**Goal of the exercise**: Give back, exactly and with nothing else, the lines running from the one that contains "Auf dem Cockpit" to the end of the entries below; do not include pictures.

--- Supplied information Enclosed Below ---

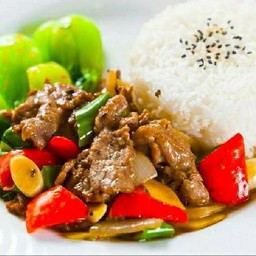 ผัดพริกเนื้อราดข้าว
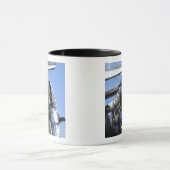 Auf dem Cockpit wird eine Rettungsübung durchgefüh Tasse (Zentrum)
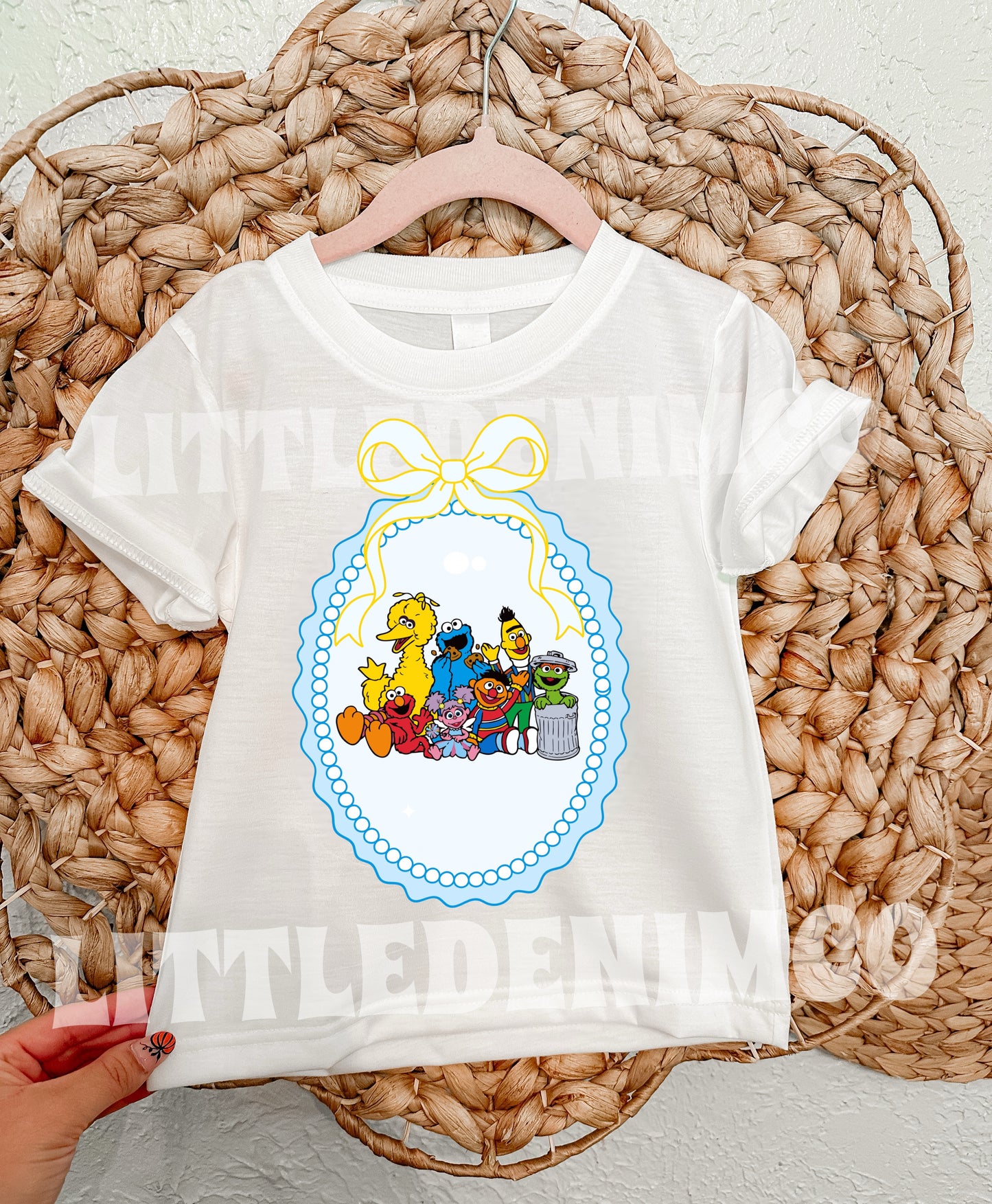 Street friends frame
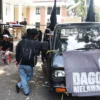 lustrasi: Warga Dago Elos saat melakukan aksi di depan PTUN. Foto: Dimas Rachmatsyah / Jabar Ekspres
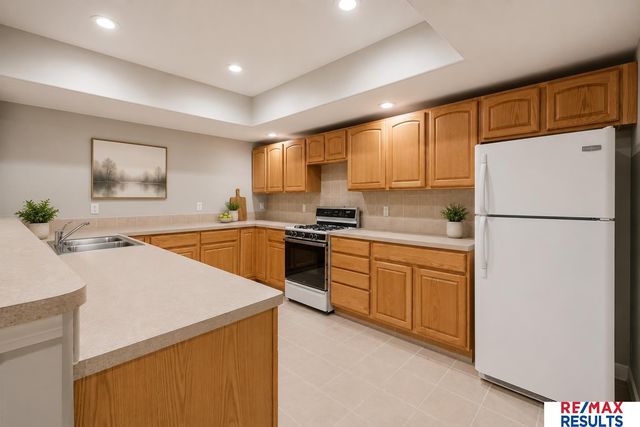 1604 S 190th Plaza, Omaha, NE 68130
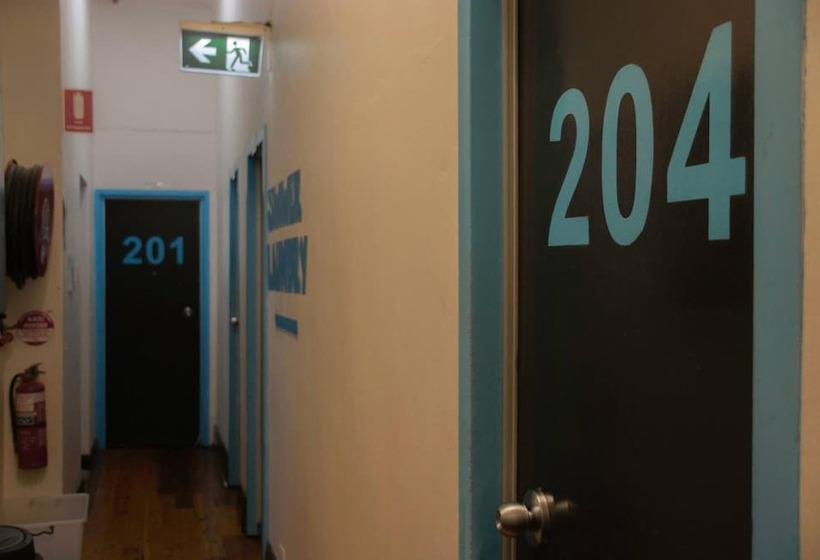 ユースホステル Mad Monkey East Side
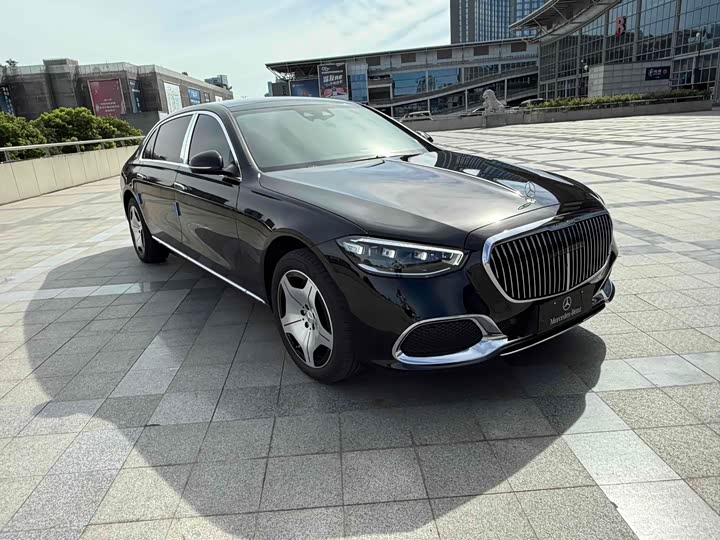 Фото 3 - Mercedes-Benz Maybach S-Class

--- End of Enclosed Supplied information ---

**Solution for this problem**:
 Auf dem Cockpit wird eine Rettungsübung durchgefüh Tasse (Zentrum)
 Street friends frame
 lustrasi: Warga Dago Elos saat melakukan aksi di depan PTUN. Foto: Dimas Rachmatsyah / Jabar Ekspres
 1604 S 190th Plaza, Omaha, NE 68130
 ユースホステル Mad Monkey East Side
 Фото 3 - Mercedes-Benz Maybach S-Class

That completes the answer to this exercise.